About Cambridge and CISL

For 800 years, the University of Cambridge has fostered leadership, ideas and innovations that have benefited and transformed societies. The University now has a critical role to play to help the world respond to a singular challenge: how to provide for as many as nine billion people by 2050 within a finite envelope of land, water and natural resources, whilst adapting to a warmer, less predictable climate.

Within the University, the Cambridge Institute for Sustainability Leadership (CISL) empowers business and policy leaders to make the necessary adjustments to their organisations, industries and economic systems in light of this challenge. By bringing together multidisciplinary researchers with influential business and policy practitioners across the globe, it fosters an exchange of ideas across traditional boundaries to generate new, solutions-oriented thinking. His Royal Highness the Prince of Wales is the Patron of CISL and plays an active role in its work.
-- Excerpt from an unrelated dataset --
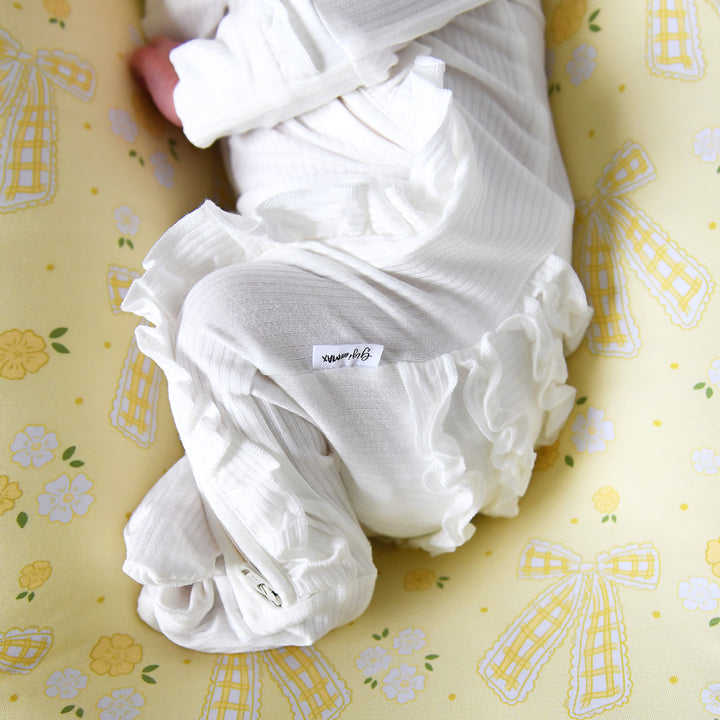Charlie Ribbed RUFFLE ZIP Newborn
A particular strength of CISL is its ability to engage actors across business, finance and government. With deep policy connections across the EU and internationally, dedicated platforms for the banking, investment and insurance industries, and executive development programmes for senior decision-makers, it is well-placed to support leadership in the real economy.

 

The Ten Tasks

Task 1: Measure the right things, set the right targets

Governments can set bold targets for social and environmental progress, and adopt new measures to track how well the economy is delivering them.

Task 2: Use fiscal policy to correct externalities

Governments can internalise environmental and social costs in economic activities through fiscal policy, benefitting sustainable business models.
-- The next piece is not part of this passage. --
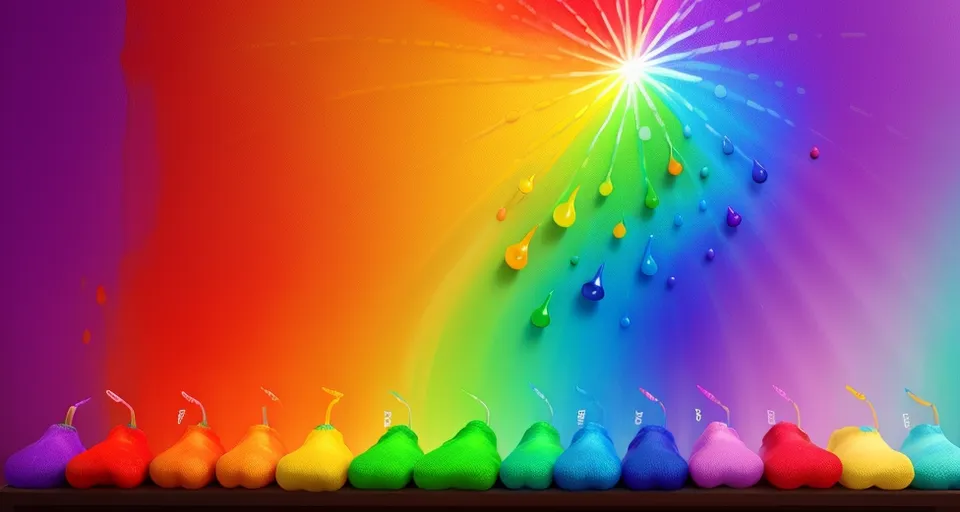 a rainbow colored background with lots of different colors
Task 3: Drive socially useful innovation

Governments can use every opportunity to create drivers and incentives for innovation aligned with core sustainability goals, and should exemplify and enable sustainable business.
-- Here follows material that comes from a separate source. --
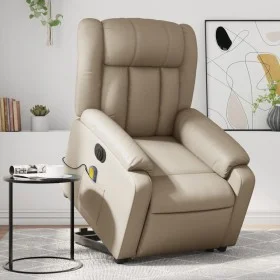 Elektrischer Massage-Fernsehsessel aus synthetischem Capuccino-Leder. von , Sessel - Ref: Foro24-3205291, Preis: 361,96 €, Ra...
Task 4: Ensure capital acts for the long term

Investors of capital can demand more from their money, using their influence to drive long-term, socially useful value creation in the economy in the interests of their beneficiaries.

Task 5: Price capital according to the true costs of business activities

Capital providers, and those who regulate them, can jointly consider how to reflect social and environmental risk factors in the cost of capital.

Task 6: Innovate financial structures to better serve sustainable business

Financial intermediaries in particular can apply their influence and creativity to ramping up the flow of capital into business models that serve society's interests.

Task 7: Set a bold ambition, and innovate to deliver greater value

Companies can seek models of value creation that generate a fair social contribution within the natural boundaries set by the planet.

Task 8: Broaden the measurement and disclosure framework

Companies can build a fuller understanding of their impacts (and dependencies) on society, including the implications for capital allocation.

Task 9: Grow the capability and incentives to act

Companies can align their capital, talent and senior attention with a sustainable business vision, and ensure people are empowered to deliver.

Task 10: Harness communications for positive change

Companies can use their communications and marketing muscle to build public understanding of (and appetite for) sustainable business.